While Debian looks forward, Microsoft looks back.
In many areas of internet networking, but especially within the Web PKI and world of SSL/TLS, we live with the decisions of the past. Weak cryptography, bad protocol designs, and non-standard software haunt us like some of the questionable decisions we made back in college.
The basic cycle looks like this: An operating system or library is released. Organizations and businesses integrate and rely on that software. And then the ecosystem deals with that software’s shortcomings for years and years and years.
As the internet grows in size and importance, we have tried to make smarter decisions to avoid – or at least shorten – that cycle.
Recently, two operating systems made updates that reflect two different approaches to ecosystem health:
Debian pushed a change to its pre-release build that would have it only support TLS 1.2; and Microsoft added TLS 1.2 support to Windows Server 2008.
These two choices represent opposite perspectives – one looking forward, the other looking back.
Debian released a new version of the OpenSSL library to its unstable build – a development version containing the latest cutting edge features; and supporting only TLS 1.2 is certainly on that edge. That is a configuration rarely seen today – only Mozilla’s “Modern” configuration settings recommend solely using TLS 1.2.
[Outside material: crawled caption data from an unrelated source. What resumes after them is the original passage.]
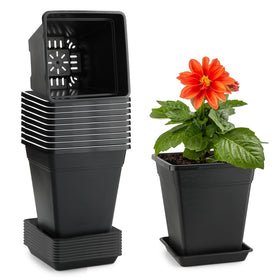 BTPLASTIK 6-inch square pot with drainage holes for healthy roots.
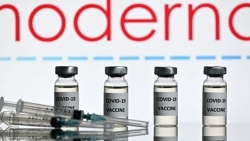 Công bố mới của Moderna về hiệu quả vaccine, cân nhắc mũi tăng cường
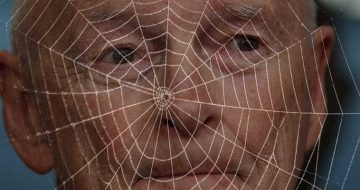 What a Web Theodore McCarrick Weaved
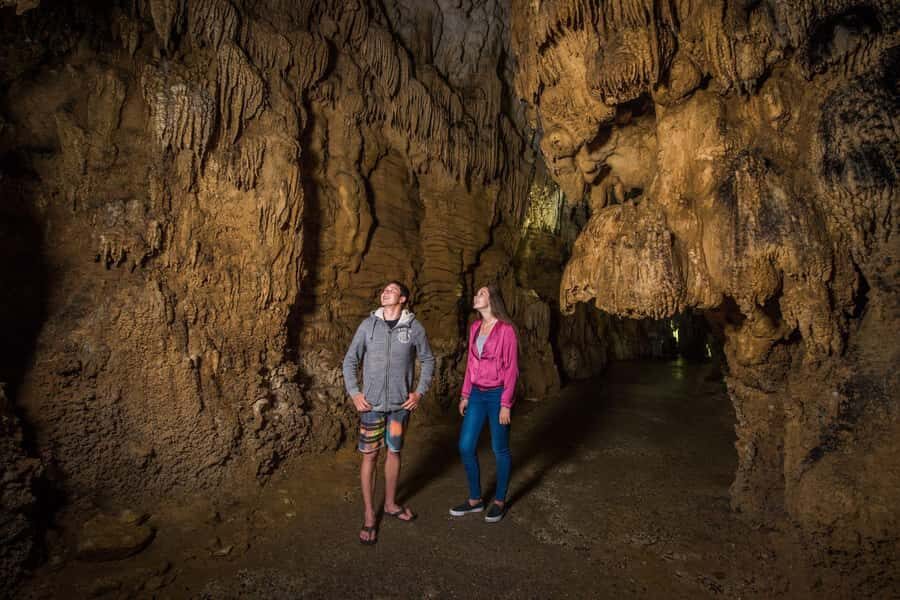 Auckland: Waitomo Caves & Rotorua - Te Puia Small-Group Tour - Timing and food reality: plan for snacks, not a full lunch
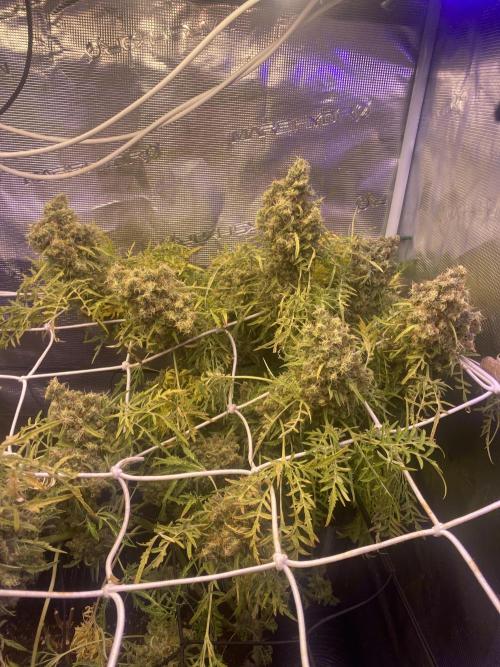 Mentha De Croco - TerpyZ. Mutant. Week 20 - week 14 day 100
Kurt Roeckx, a long-time Debian developer who maintains its OpenSSL library, wrote “I hope that by the time Buster releases the support for TLS 1.2 will be high enough that I don’t need to enable [TLS 1.0 & 1.1] again.”
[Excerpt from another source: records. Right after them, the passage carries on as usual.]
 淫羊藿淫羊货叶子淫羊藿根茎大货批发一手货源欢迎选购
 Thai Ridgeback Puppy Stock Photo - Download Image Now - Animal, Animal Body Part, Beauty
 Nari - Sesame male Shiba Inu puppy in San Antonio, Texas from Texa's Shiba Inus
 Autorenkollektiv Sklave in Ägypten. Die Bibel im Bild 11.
Buster is the codename for Debian 10, which is the next major release of the Linux distribution. There is no announced release date, but based on past releases, it is more than a year away.
For now, Roeckx does not have much sympathy for those that need older versions, writing to those that might be affected: “I strongly suggest …you add support for [TLS 1.2], or get the other side to add support for it.”
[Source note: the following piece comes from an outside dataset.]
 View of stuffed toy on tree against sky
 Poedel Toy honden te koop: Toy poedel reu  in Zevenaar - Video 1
By the time Buster releases, it may no longer be seen as a ‘daring’ move to drop support for all SSL/TLS versions before TLS 1.2. However, those familiar with SSL/TLS and Web PKI know that we love to hang on to features for as long as possible.
Case in point, Microsoft has just added TLS 1.1 & TLS 1.2 support to its aging Windows Server 2008 platform.
At face value, adding support for stronger versions of TLS seems like a good thing. However, when we look at Server 2008’s other TLS capabilities, the potential downsides become more apparent:
- No AES GCM support
- No AEAD ciphers
- No SNI (Server Name Indication) support
- No OCSP Stapling support
That is not a very appealing HTTPS server. Probably not one you would want to use today, and definitely not one you will want to use three years from now.
Windows Server 2008 (which uses IIS 7) is still in its Extended Support phase until 2020. But why add TLS 1.2 support now?
Well, starting June 2018, you will have to support TLS 1.1 or higher to be PCI compliant. This update will allow Windows Server 2008 to continue to be used in systems that process, store, or transmit cardholder data.
Microsoft does not mention PCI in either of their blog posts about adding TLS 1.2. It says it wants to remove hurdles to “deprecating older security protocols” and is committed to “best-in-class encryption.”
But if better security was really the goal, why did Microsoft neglect to add other modern capabilities? To be fair, Windows Server 2008’s TLS support is not atrocious. It does at least have PFS (Perfect Forward Secrecy) ciphers thanks to ECDHE support.
At some point, polishing up an aging system can actually be worse for security and the ecosystem as it gives businesses and users excuses to hold on to systems that should really be replaced or upgraded.
That’s part of the reason that Chrome removed the entire class of Diffie-Hellman ciphers last year. While it could have easily left support for stronger 2048-bit parameters, it was a cleaner and safer solution to just do away with them altogether.
Debian’s “upgrade or die” decision on TLS 1.2 may not end up making it to release (some are already skeptical), but it is nice to see an attempt at forward-thinking. Meanwhile, the question remains if adding TLS 1.1 and 1.2 support in Server 2008 will be a positive thing for the ecosystem, or if it’s just extending the long-tail of legacy support even further.